On March 20, 2003, U.S. troops marched into Iraq to free the country from the iron rule of Saddam Hussein. People cheered as the statue of the Iraqi dictator was pulled down. As we now know, displacing Saddam was the easy part. Rebuilding the country and making it safe is now proving to be more difficult than U.S. officials thought.
What has it been like for Iraqis who lived through the American invasion and its aftermath? Erik Jensen and Jessica Blank, the husband-wife team whose Off Broadway play, The Exonerated, focused on wrongly convicted Death Row inmates, traveled to Jordan to find out. They interviewed 37 Iraqis for their personal stories about life before and after Saddam. The result is Aftermath now being performed at the New York Theatre Workshop.
Nine actors, all of Middle Eastern descent, represent a cross-section of these Iraqi civilians. (While The Exonerated had a rotating cast, Aftermath will not). We hear from a translator, a doctor, two couples, and an Iman. The translator, a self-assured Fajer Al-Kaisi, reminds the audience that there are four million Iraqi refugees worldwide. “These are six of these stories,” he says. (Two of the stories are from couples).
Blank and Jensen had their work cut out for them culling what one expects were hours of interviews into 90 minutes of compelling theatre. The characters rarely interact (exceptions are the couples and the translator who frequently comments), instead telling their stories to the audience with a range of emotions. Outstanding are Amir Atison, as a doctor, and Laith Nakli as the Iman, but all the actors are persuasive. The common thread running through all these impassioned accounts is the hope felt when the Americans first arrived and disappointment, even anger for the result. “There was chaos everywhere,” one person remarks.

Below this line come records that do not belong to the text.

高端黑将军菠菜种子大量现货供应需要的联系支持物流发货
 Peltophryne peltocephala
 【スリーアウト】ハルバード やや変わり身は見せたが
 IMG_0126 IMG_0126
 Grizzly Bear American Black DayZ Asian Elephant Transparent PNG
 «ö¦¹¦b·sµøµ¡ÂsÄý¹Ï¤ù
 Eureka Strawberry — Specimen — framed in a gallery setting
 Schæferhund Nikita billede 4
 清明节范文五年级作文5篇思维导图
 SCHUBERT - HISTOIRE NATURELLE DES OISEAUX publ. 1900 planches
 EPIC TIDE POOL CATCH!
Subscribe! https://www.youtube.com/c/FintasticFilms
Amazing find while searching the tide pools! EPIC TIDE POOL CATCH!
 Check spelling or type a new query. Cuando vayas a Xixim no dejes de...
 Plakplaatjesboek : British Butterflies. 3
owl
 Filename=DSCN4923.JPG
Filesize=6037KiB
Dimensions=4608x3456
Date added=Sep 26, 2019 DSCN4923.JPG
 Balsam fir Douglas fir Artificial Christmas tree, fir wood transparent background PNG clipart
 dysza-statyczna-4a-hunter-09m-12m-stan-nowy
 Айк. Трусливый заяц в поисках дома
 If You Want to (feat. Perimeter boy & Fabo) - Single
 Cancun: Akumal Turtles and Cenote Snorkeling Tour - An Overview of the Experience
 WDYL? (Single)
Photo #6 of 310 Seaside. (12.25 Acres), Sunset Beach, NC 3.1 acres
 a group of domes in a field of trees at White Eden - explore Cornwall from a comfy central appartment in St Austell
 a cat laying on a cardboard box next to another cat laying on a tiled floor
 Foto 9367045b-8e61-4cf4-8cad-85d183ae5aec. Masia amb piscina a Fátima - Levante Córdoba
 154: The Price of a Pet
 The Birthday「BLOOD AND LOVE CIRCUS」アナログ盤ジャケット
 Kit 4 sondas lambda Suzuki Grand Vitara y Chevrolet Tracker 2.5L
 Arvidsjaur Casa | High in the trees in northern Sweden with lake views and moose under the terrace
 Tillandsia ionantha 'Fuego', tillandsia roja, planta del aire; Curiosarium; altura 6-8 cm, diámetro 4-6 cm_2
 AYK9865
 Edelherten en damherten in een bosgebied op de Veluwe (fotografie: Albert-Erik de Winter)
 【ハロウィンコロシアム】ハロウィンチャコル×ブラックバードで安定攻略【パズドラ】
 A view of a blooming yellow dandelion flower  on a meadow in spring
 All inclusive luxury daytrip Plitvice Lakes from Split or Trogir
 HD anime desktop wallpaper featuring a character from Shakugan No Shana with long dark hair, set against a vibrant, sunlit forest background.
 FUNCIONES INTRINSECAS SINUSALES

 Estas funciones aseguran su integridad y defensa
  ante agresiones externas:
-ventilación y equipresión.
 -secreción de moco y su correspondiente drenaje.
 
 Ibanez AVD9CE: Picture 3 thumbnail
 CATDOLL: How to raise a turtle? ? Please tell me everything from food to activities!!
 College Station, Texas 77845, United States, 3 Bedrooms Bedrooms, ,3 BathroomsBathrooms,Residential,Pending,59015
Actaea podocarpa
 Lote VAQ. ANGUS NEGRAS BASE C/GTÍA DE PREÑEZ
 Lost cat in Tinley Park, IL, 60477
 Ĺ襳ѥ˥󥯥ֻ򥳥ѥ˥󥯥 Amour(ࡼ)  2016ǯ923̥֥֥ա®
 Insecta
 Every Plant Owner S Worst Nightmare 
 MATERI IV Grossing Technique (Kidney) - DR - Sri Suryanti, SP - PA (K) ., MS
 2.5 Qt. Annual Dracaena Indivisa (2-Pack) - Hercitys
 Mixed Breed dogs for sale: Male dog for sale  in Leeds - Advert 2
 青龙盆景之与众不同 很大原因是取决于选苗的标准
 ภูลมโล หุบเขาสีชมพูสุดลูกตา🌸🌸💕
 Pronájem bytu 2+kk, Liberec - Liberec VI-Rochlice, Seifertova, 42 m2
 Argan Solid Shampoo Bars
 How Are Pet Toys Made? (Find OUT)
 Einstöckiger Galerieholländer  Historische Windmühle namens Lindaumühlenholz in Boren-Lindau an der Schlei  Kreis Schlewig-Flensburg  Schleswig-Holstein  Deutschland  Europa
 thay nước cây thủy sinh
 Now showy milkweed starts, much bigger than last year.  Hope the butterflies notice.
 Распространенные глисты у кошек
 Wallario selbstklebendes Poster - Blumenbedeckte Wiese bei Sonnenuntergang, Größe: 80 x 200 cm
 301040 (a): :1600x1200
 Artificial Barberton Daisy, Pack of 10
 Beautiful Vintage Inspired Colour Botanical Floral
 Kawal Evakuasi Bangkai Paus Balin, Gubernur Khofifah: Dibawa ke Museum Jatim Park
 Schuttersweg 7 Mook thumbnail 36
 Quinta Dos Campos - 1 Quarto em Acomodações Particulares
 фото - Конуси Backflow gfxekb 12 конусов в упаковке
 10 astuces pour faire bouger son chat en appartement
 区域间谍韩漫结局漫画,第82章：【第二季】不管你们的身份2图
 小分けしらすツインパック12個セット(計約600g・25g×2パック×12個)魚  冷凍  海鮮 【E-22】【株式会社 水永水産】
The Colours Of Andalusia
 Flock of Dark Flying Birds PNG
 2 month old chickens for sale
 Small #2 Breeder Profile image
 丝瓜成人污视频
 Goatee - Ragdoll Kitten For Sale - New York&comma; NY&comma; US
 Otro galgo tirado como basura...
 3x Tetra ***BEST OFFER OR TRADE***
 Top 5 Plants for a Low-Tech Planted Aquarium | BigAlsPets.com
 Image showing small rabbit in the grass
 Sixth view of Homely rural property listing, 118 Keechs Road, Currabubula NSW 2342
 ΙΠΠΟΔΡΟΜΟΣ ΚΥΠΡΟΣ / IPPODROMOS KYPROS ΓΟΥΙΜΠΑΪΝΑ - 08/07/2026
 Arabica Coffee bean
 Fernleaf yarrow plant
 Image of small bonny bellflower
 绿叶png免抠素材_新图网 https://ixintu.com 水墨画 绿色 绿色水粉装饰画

Even the translator, an Iraqi, comes in for criticism, being seen as an opportunist, telling the Americans what they wanted to hear rather than what was being said.
While Saddam was in power, a story was told about the television repair person who, failing to fix the set, glues a photo of Saddam Hussein to the screen. When his customer is confused, he says that’s the only image he will see on the TV anyway. Why worry if it doesn’t work?
The fact that the story is told with nostalgia for another time, seems to say it all. As bad as conditions were under Saddam, there was predictability. There are no diatribes, however, against the U.S. president, past or present. Blank and Jensen are wise enough to let these Iraqis speak for themselves. No embellishment needed.